4. Wilson elucidates the notion of “error”: “Error is predicated on a notion of perfection; to allocate error is to imply what is without error; to know error it is necessary to determine what is true. And what is true is determined by what we define as true, theoretically by the assumptions of our epistemology, practically by the events and non-events, the discourses and silences, the world of surfaces and their interactions and interpretations; in short, the practices that permeate the field. . . Error is the uncertainty dimension of the statement; error is the band within which chaos reigns, in which anything can happen. Error comprises all of those eventful circumstances which make the assessment statement less than perfectly precise, the measure less than perfectly accurate, the rank order less than perfectly stable, the standard and its measurement less than absolute, and the communication of its truth less than impeccable.”

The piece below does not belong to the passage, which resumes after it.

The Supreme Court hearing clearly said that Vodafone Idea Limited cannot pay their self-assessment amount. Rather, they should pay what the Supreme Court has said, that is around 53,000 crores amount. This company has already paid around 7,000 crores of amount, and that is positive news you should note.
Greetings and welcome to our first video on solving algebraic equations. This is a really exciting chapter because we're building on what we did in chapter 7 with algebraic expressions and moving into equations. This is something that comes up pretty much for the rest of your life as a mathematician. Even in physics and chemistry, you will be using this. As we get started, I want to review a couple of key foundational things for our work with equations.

In other word all the logical errors involved in the process render any conclusions invalid.
5. The test makers/psychometricians, through all sorts of mathematical machinations attempt to “prove” that these tests (based on standards) are valid-errorless or supposedly at least with minimal error [they aren’t]. Wilson turns the concept of validity on its head and focuses on just how invalid the machinations and the test and results are. He is an advocate for the test taker not the test maker. In doing so he identifies thirteen sources of “error”, any one of which renders the test making/giving/disseminating of results invalid. As a basic logical premise is that once something is shown to be invalid it is just that, invalid, and no amount of “fudging” by the psychometricians/test makers can alleviate that invalidity.
6. Having shown the invalidity, and therefore the unreliability, of the whole process Wilson concludes, rightly so, that any result/information gleaned from the process is “vain and illusory”. In other words start with an invalidity, end with an invalidity (except by sheer chance every once in a while, like a blind and anosmic squirrel who finds the occasional acorn, a result may be “true”) or to put in more mundane terms crap in-crap out.

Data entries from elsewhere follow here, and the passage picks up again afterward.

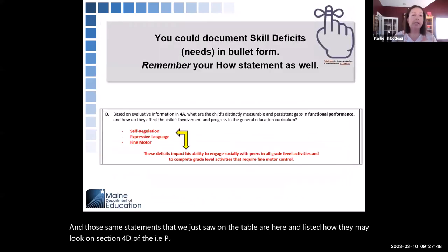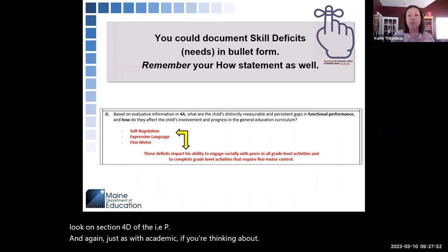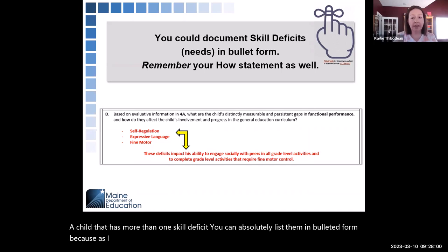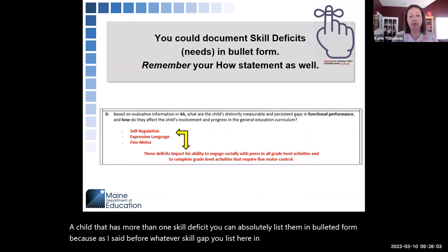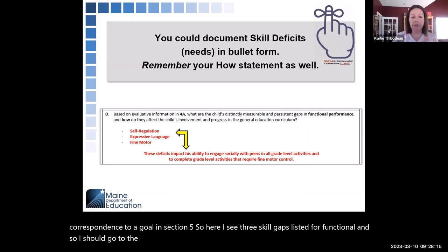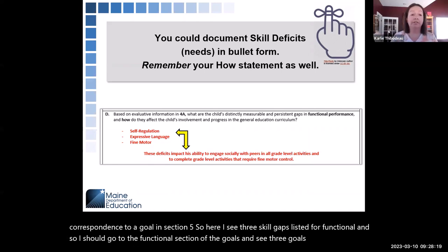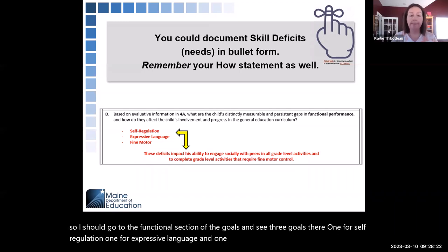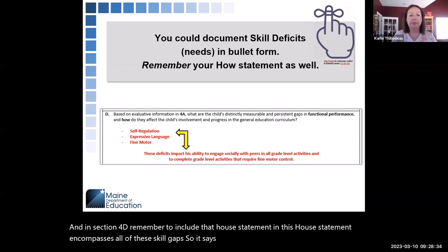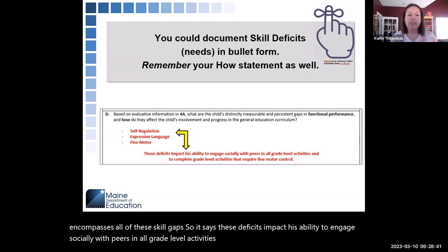Just as with academic, if a child has more than one skill deficit, you can list them in bulleted form. Whatever skill gap you list here in Section 4 should have a one-to-one correspondence to a goal in Section 5. So if you see three skill gaps listed for functional — self-regulation, expressive language, and fine motor — you should see three goals in the functional section of goals. The how statement in Section 4D can encompass all of those skill gaps, for example: these deficits impact his ability to engage socially with peers in all grade-level activities and to complete grade-level activities that require fine motor control.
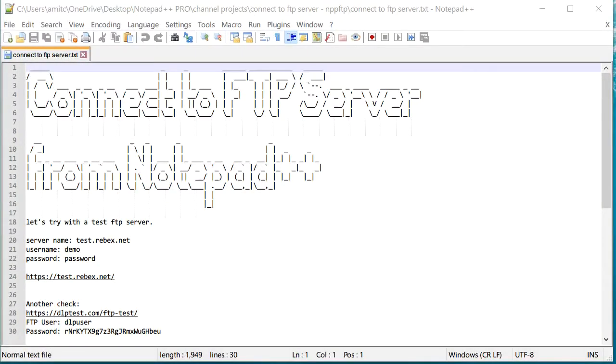Hi everyone, this is Amit. Welcome to another Notepad++ tip. In this video we will learn how we can connect to FTP server right from Notepad++.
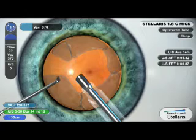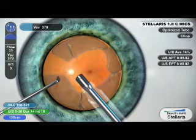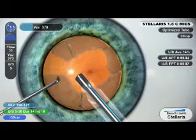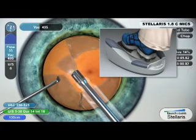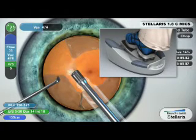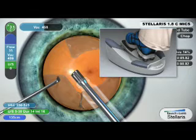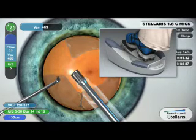Unique to the Stellaris system is the intuitive surge and control of both power and flow provided by the pitch and yaw of the dual-linear foot pedal controller. The ability to independently modulate power and flow facilitates on-the-fly control of the procedure.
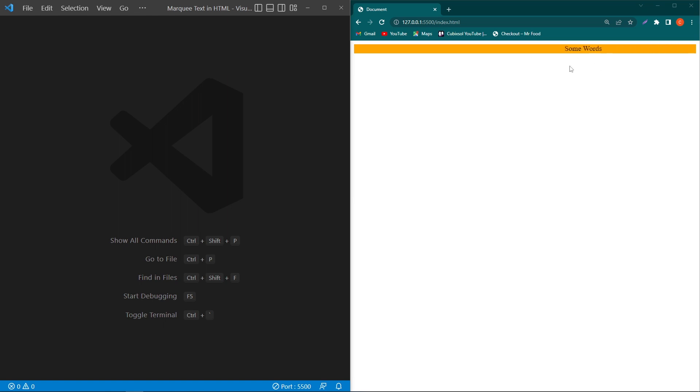Hey, what's up guys! Are you seeing this text which is moving from right to left side? We can create it by using HTML marquee tag. Welcome to my YouTube channel, and in this video we are going to learn the marquee element in HTML.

7. And so what does this all mean? I’ll let Wilson have the second to last word: “So what does a test measure in our world? It measures what the person with the power to pay for the test says it measures. And the person who sets the test will name the test what the person who pays for the test wants the test to be named.”
In other words it measures “’something’ and we can specify some of the ‘errors’ in that ‘something’ but still don’t know [precisely] what the ‘something’ is.” The whole process harms many students as the social rewards for some are not available to others who “don’t make the grade (sic)” Should American public education have the function of sorting and separating students so that some may receive greater benefits than others, especially considering that the sorting and separating devices, educational standards and standardized testing, are so flawed not only in concept but in execution?
My answer is NO!!!!!
One final note with Wilson channeling Foucault and his concept of subjectivization:
“So the mark [grade/test score] becomes part of the story about yourself and with sufficient repetitions becomes true: true because those who know, those in authority, say it is true; true because the society in which you live legitimates this authority; true because your cultural habitus makes it difficult for you to perceive, conceive and integrate those aspects of your experience that contradict the story; true because in acting out your story, which now includes the mark and its meaning, the social truth that created it is confirmed; true because if your mark is high you are consistently rewarded, so that your voice becomes a voice of authority in the power-knowledge discourses that reproduce the structure that helped to produce you; true because if your mark is low your voice becomes muted and confirms your lower position in the social hierarchy; true finally because that success or failure confirms that mark that implicitly predicted the now self-evident consequences. And so the circle is complete.”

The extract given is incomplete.